In search of greater breadth and balance

21st November 1997, 12:00am
Simon Midgley speaks to a college principal who is totally committed to a 14-19 curriculum

BRENDA WITTED, principal of Countesthorpe Community College in south-east Leicestershire, passionately believes in the value of lifelong learning, a 14-19 curriculum and the merits of establishing a new national school-leaving diploma recognising vocational and academic achievement.

But she feels that the reluctance of universities to recognise the value of non-traditional vocational courses and qualifications could be a major obstacle to speedy reform of pre and post-16 education.
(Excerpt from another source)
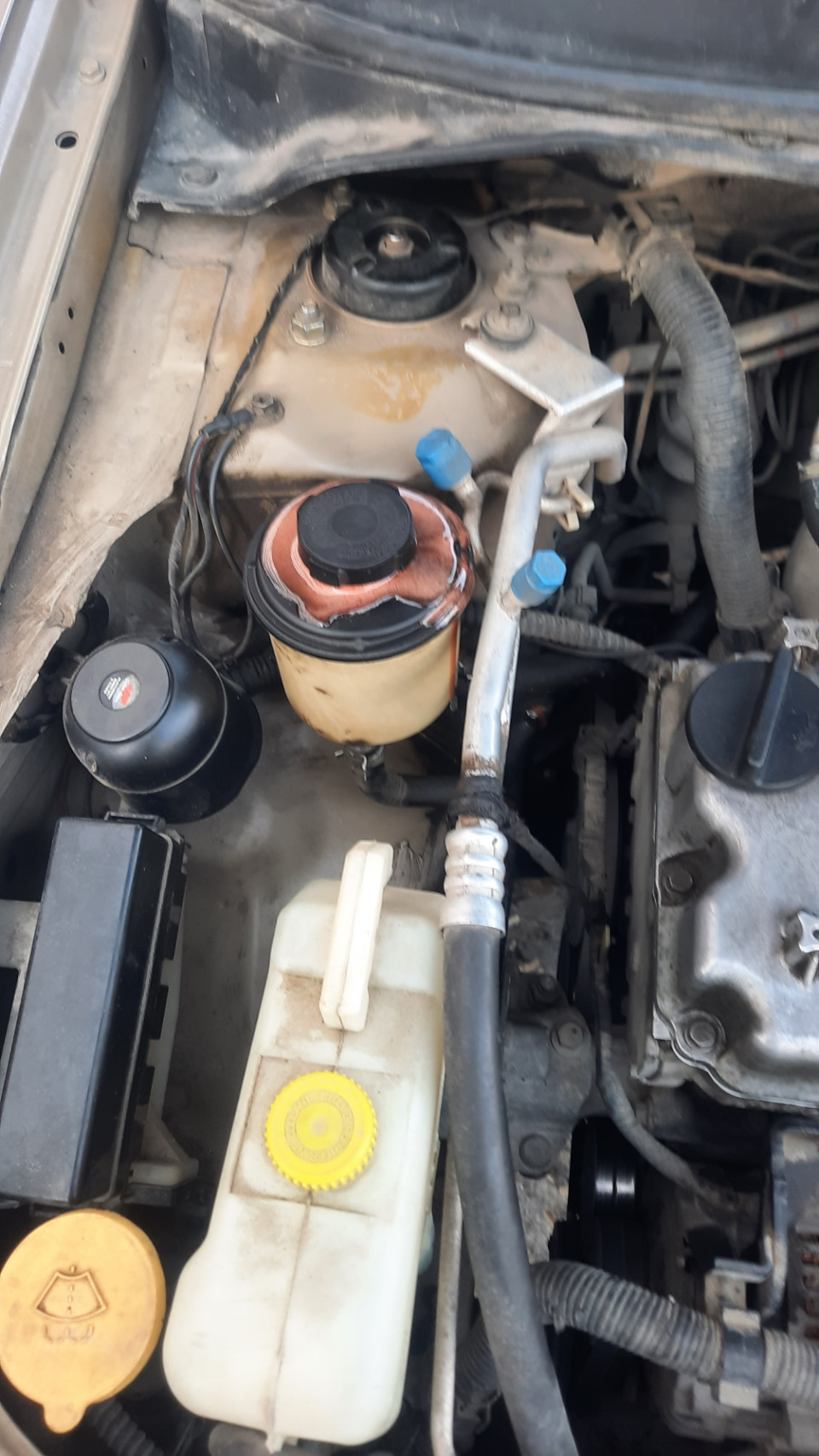 Даванула жидкость с бачка гура на холодную — Nissan Primera (P12), 1,8 ...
At Ms Witted’s college there are child-centred and community-based approaches to learning that earned it national prominence in the Seventies and Eighties.

Today, the 840-student college is managed along more traditional lines, although children and staff are still on first name terms and there is no uniform or lesson bell. Adult learners from local villages study at the college alongside teenagers or in evening classes.

Ms Witted feels that the universities call the tune on acceptable entry qualifications. They regard A-levels as the gold standard and GCSEs as the best predictor of future achievement. Many of the older institutions, she believes, have been slow to recognise the virtues of general national vocational qualifications or other non-traditional qualifications.

At the college, students can opt to study units from the foundation GNVQ course pre-16 and Intermediate and Advanced GNVQs post-16, alongside GCSEs and A-levels.

“Some universities have no understanding of what a merit at GNVQ Advanced involves - they are seeking distinctions,” says Ms Witted. “They would not be asking A-level students to come with straight As. That is what they are asking GNVQ students.”

She feels that attitudes to GCSEs are still underpinned by a nostalgia for the old days of O-levels. “Everybody still looks at A to C grades as being the equivalent of O-level. We talk about Intermediate GNVQ being the equivalent of four grade Cs at GCSE.

“Unless we introduce something that has a very different structure, we will never be able to move forward, and young people who do well within their own ability range will still feel that they’re failures.

“If you take the league tables everything is measured by the numbers of A to C grades. Until you have some value-added information on the ethnic origins and socio-economic factors affecting the cohorts, a school which is doing brilliantly by their youngsters is not recognised unless they have got 65 per cent A to Cs. This is where things need to change.”

Ideally, she would like to move to a system offering greater breadth and balance post-16, with varying levels of achievement.

Much could be learned, Ms Witted believes, from GNVQ assessment procedures such as monitoring, recording and carefully processing what students are able to do, rather than measuring their achievements by a three-hour test at the end of two years.

There is also tension, she says, between students working simultaneously towards GNVQ qualifications and GCSEs or A-levels. The latter involves a relatively traditional means of teaching and assessment, whereas the former requires students researching, recording and taking part in work experience placements. GNVQs can involve students missing some A-level teaching in order to complete their task-based assignments. It is not easy to marry up the vocational with the academic, she says.

Mary Neath, Countesthorpe’s GNVQ co-ordinator, says that young people working towards both GNVQs and GCSEs or A-levels are often under additional pressure because they have to master the contrasting styles of learning.

The pressures of being continuously assessed, having to demonstrate key skills and to pass all parts of a GNVQ also make it, in some ways, a more time-consuming and demanding route to take.

Mrs Neath believes that some assessment is necessary at stages in students’ educational careers to give them benchmarks of achievement.